──────── Input
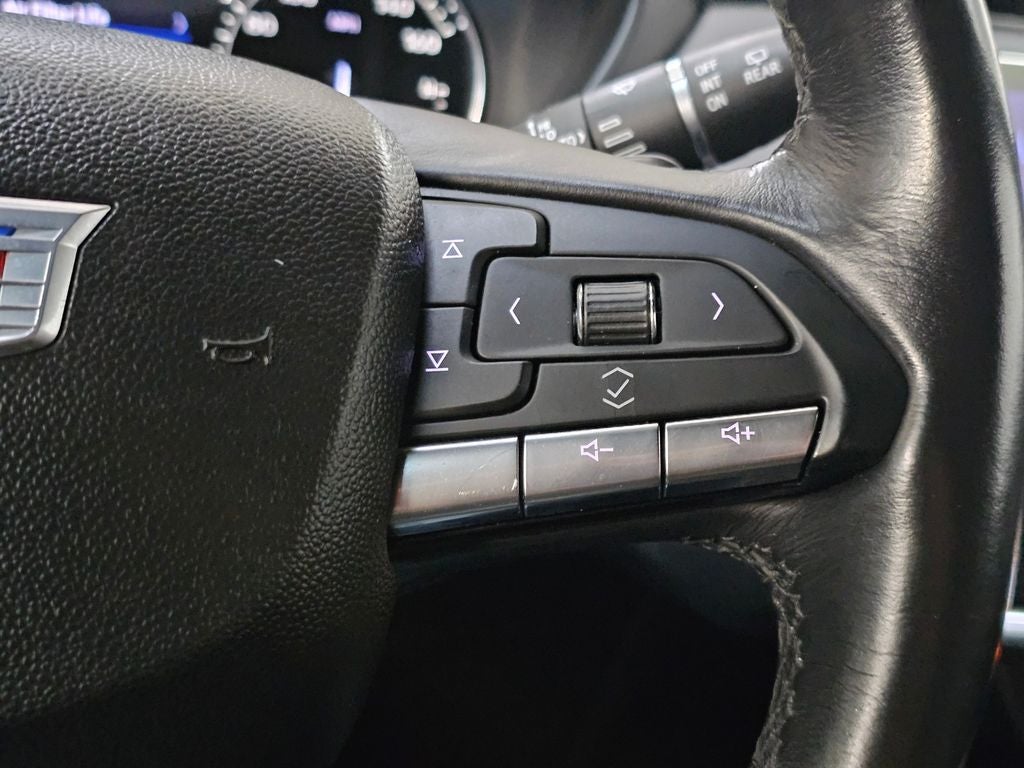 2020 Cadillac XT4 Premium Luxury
────────────────
──────── Input
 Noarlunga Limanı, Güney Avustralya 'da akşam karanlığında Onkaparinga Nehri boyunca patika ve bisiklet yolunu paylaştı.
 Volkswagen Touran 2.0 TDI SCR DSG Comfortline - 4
────────────────
Among the entries above, copy exactly only the lines starting with the one containing "Noarlunga Limanı, Güney" and going through the one containing "Volkswagen Touran 2.0", both ends included.

 Noarlunga Limanı, Güney Avustralya 'da akşam karanlığında Onkaparinga Nehri boyunca patika ve bisiklet yolunu paylaştı.
 Volkswagen Touran 2.0 TDI SCR DSG Comfortline - 4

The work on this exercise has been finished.